REQUIRED WORK: Write out again, word for word, the lines below from the line that holds "Naklejka premium Auburn" through the line that holds "A close-up of", omitting pictures.

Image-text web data
══════════
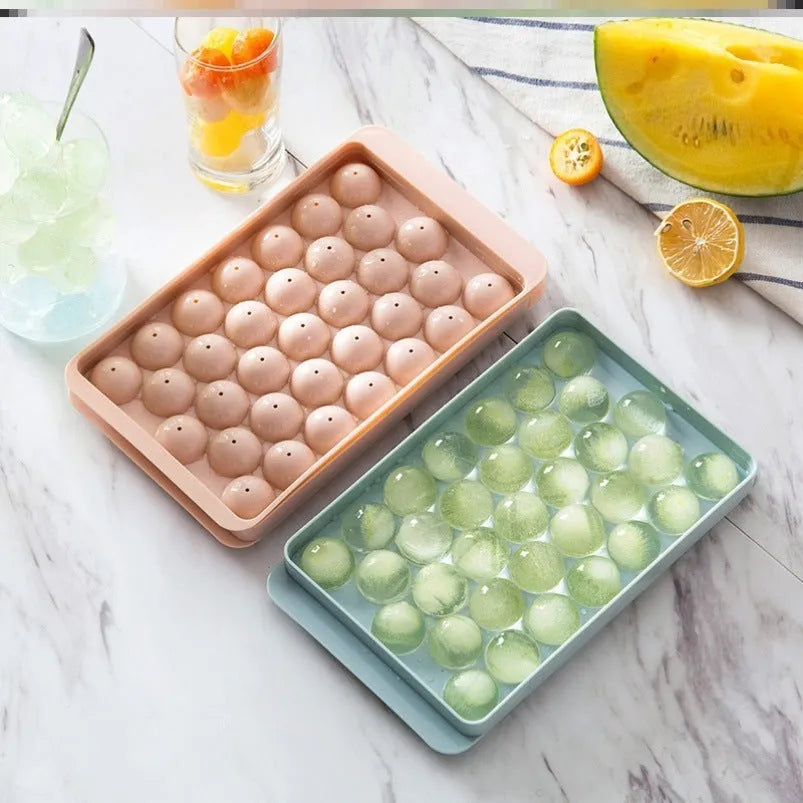 Sky blue 3D round ice ball mould tray with spherical ice cavities for home bar use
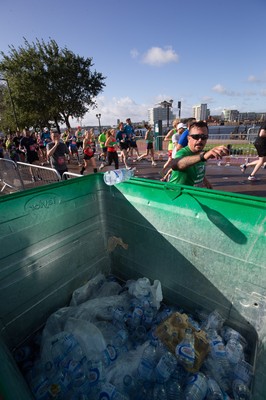 061019 - Cardiff Half Marathon 2019 - Runners recycle their water bottles as they make their way through Cardiff Bay, Roald Dahl Plas and past the Wales Millennium Centre at the halfway point of the race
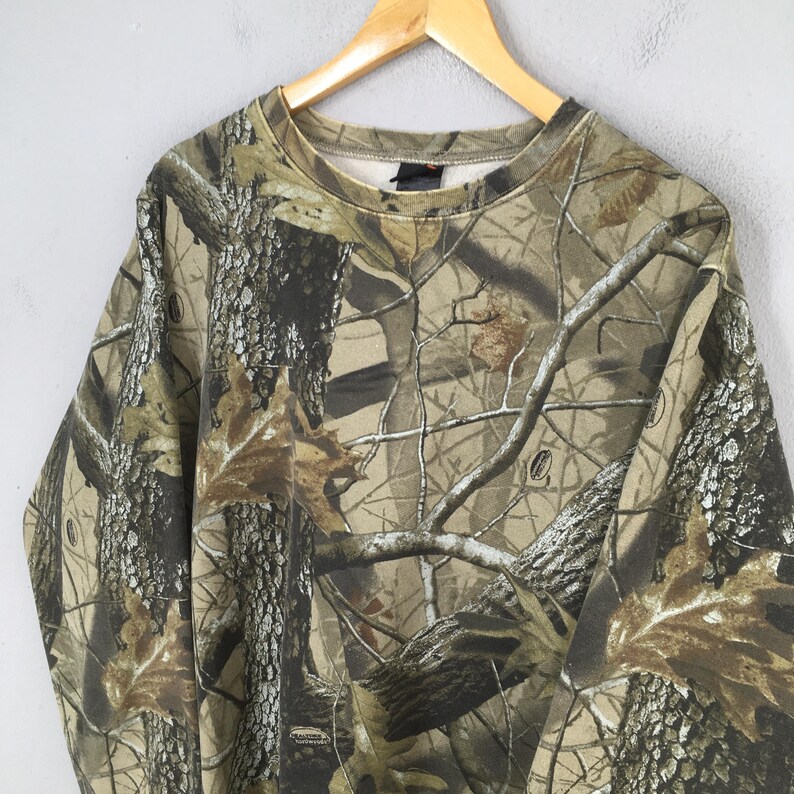 Puede incluir: Sudadera de manga larga con estampado de camuflaje. El dise&ntilde;o presenta una mezcla de colores marr&oacute;n, verde y beige, imitando un entorno forestal. La sudadera est&aacute; colgada en una percha de madera sobre un fondo gris claro.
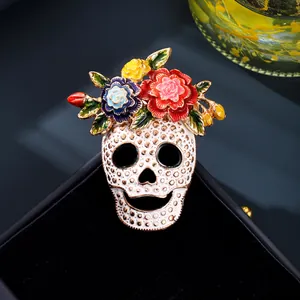 Halloween skull brooch with colorful enamel flowers on white textured mask pin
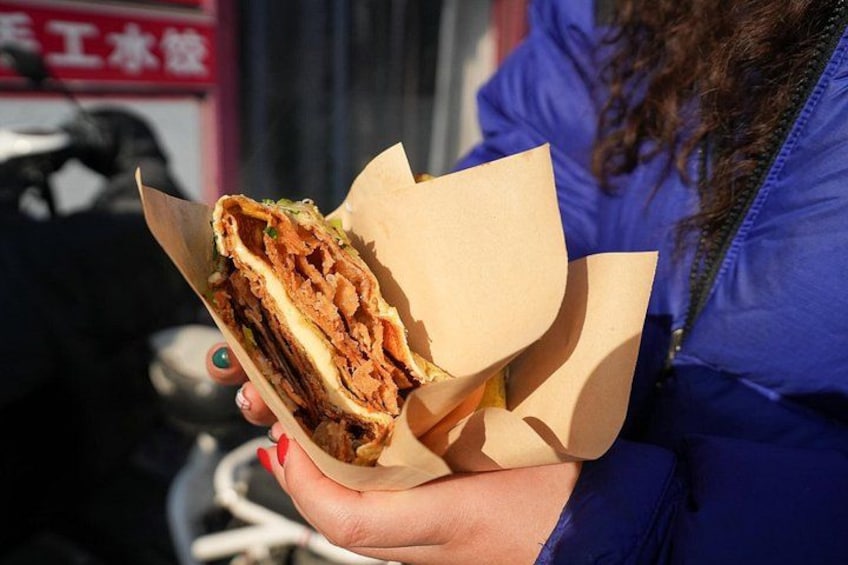Try jianbing with a twist at this hole-in-the-wall spot, where a classic mung bean wrap meets a cheesy upgrade—blending tradition with tasty innovation. 2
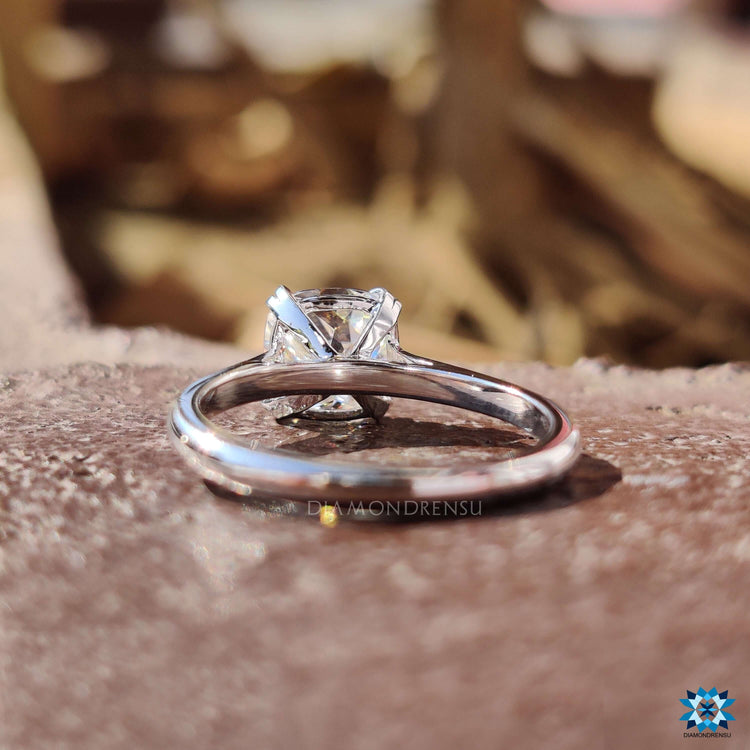 Custom moissanite engagement ring in a cathedral mount.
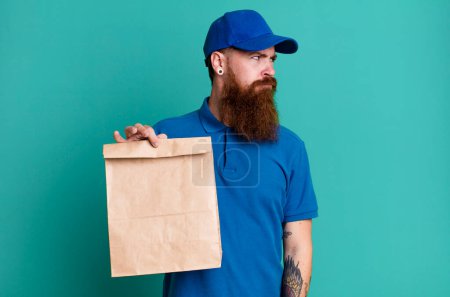 Téléchargez les photos : Jeune adulte cheveux roux barbu livraison fraîche homme avec un sac en papier - en image libre de droit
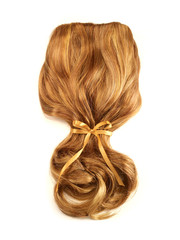 Naklejka premium Auburn hair with curls and a yellow ribbon on a white background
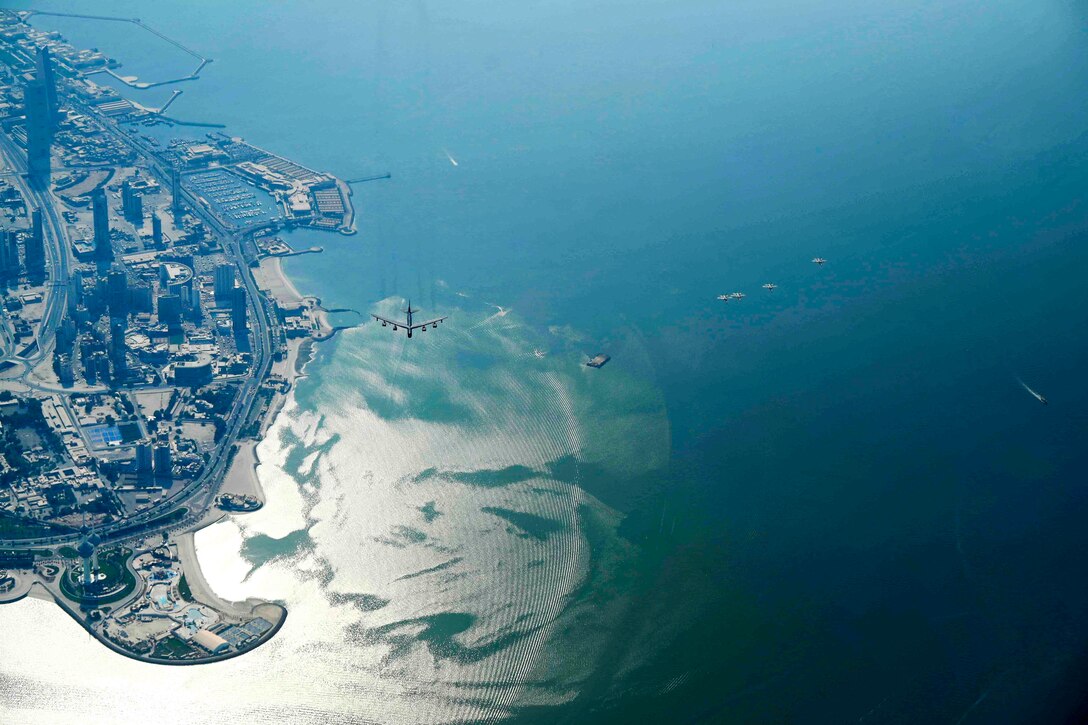 An aircraft flies over water near the coast of a city.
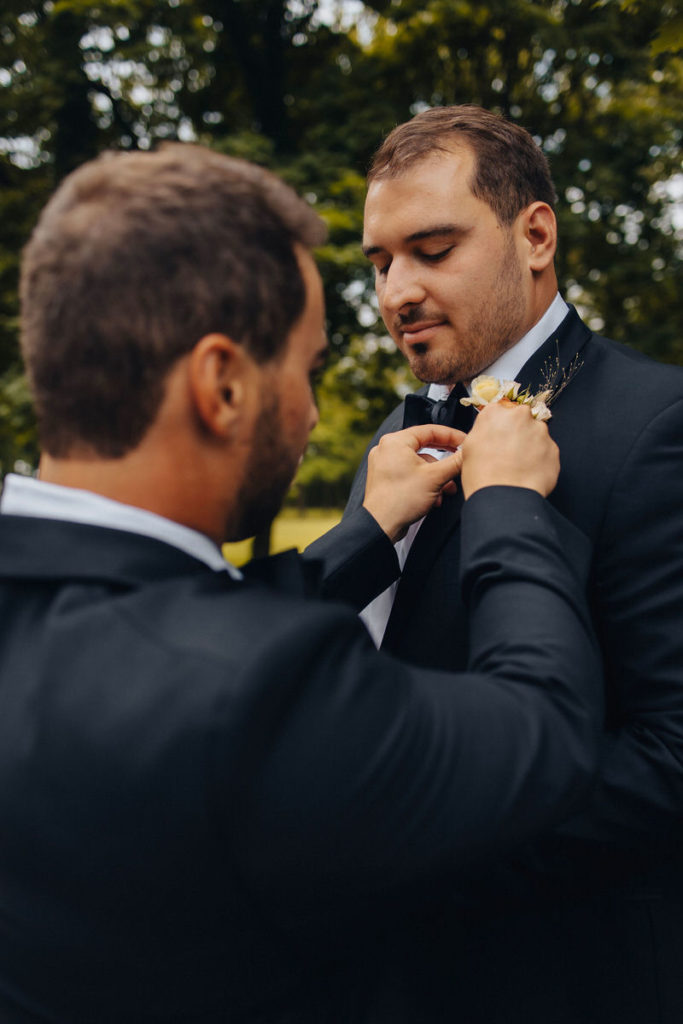 wedding party member pinning flower on suit jacket 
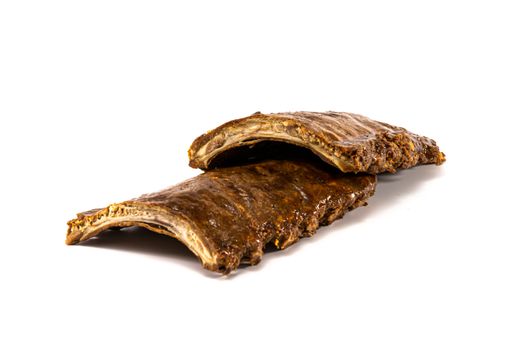 A close-up of two grilled ribs together on a white background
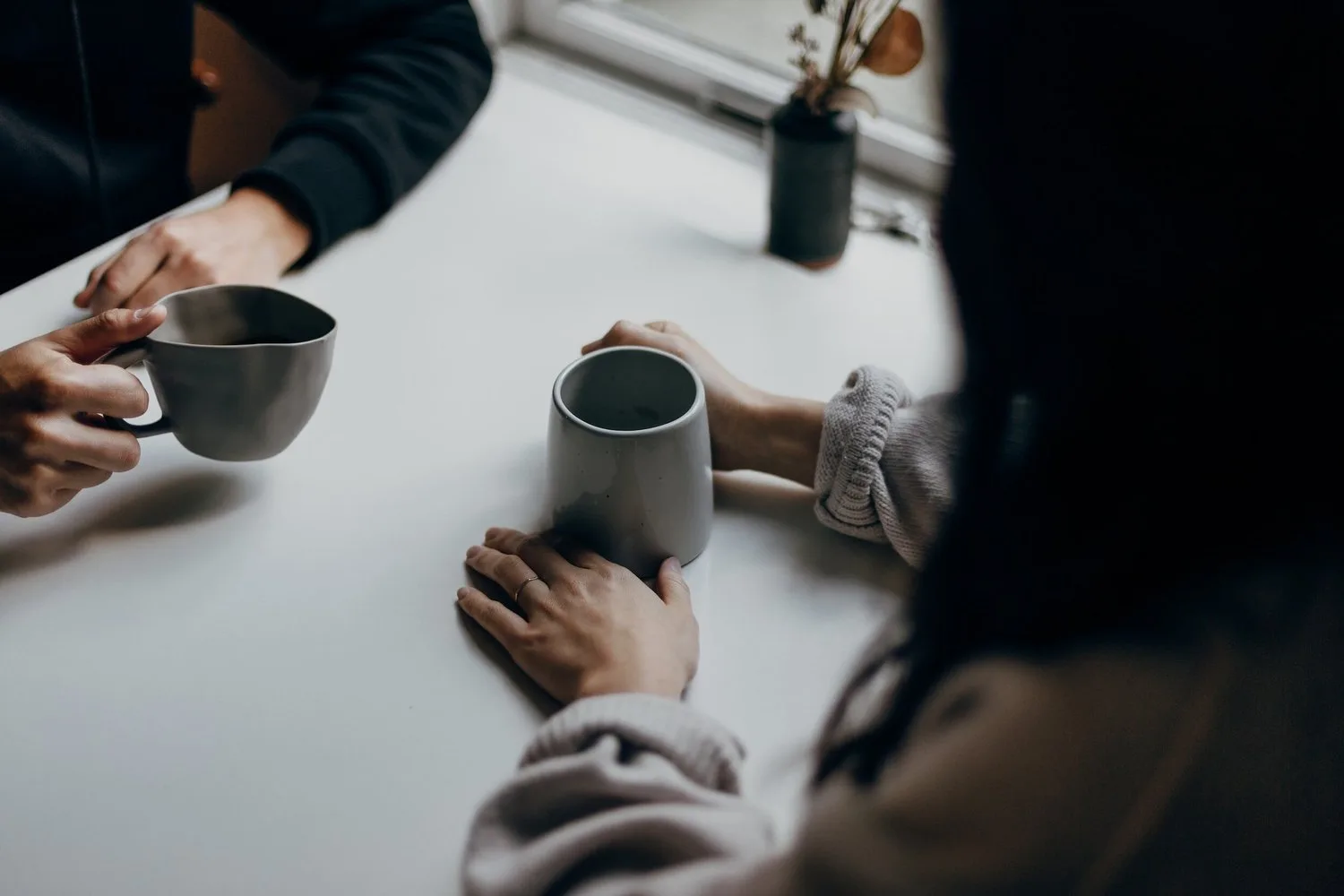 Two people seated at a table with mugs, one holding a small book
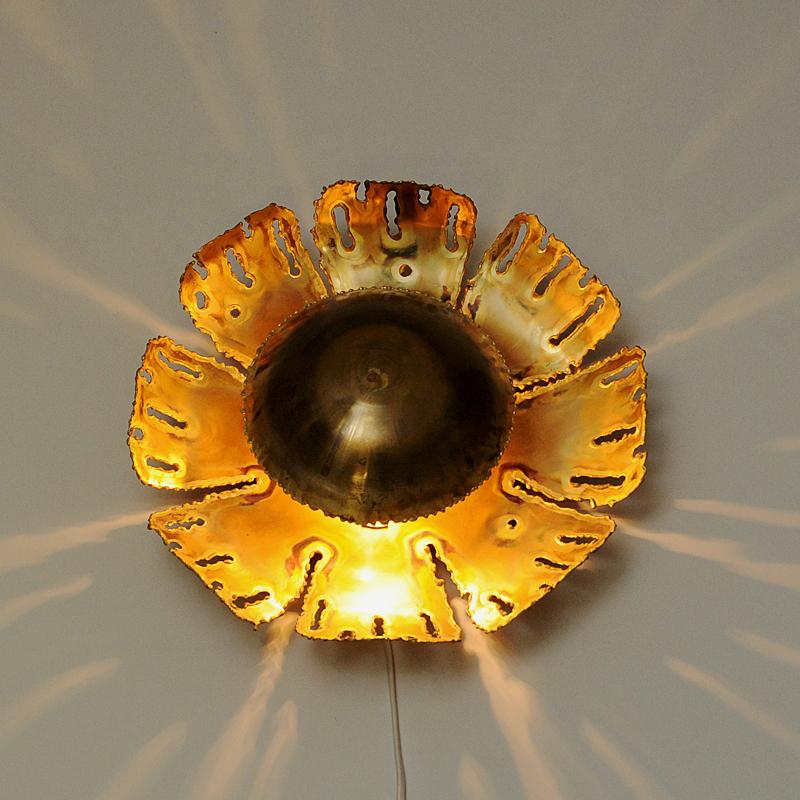 A lovely mid-century Danish brutalist wall lamp designed in the 1960s by designer Svend Aage Holm Sørensen for Holm Sørensen & Co AS, Denmark. This brass sconce has an acid-treated and torch-cut look in a brutalistic design. It gives a lovely and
══════════
EXERCISE SOLUTION:
 Naklejka premium Auburn hair with curls and a yellow ribbon on a white background
 An aircraft flies over water near the coast of a city.
 wedding party member pinning flower on suit jacket 
 A close-up of two grilled ribs together on a white background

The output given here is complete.